Exercise details: The listing below should be reproduced exactly, with the pictures omitted.

Collected data:

※ ※ ※

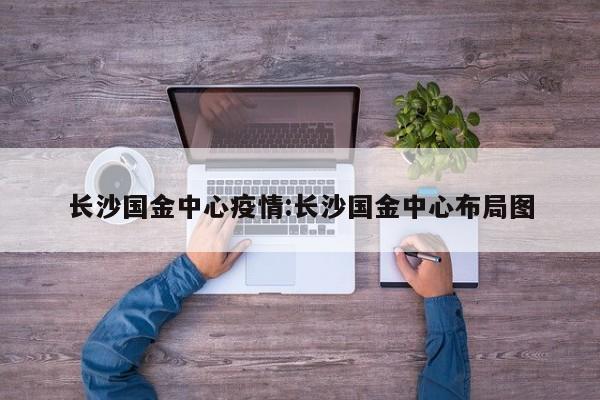 长沙国金中心疫情:长沙国金中心布局图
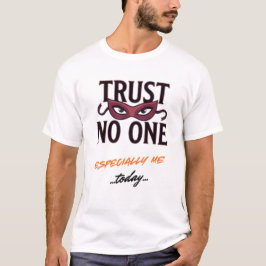 No confíes en nadie, especialmente en mí Camiseta 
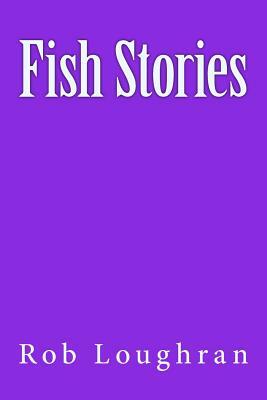 Fish Stories by Rob Loughran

※ ※ ※

Completed task:
 长沙国金中心疫情:长沙国金中心布局图
 No confíes en nadie, especialmente en mí Camiseta 
 Fish Stories by Rob Loughran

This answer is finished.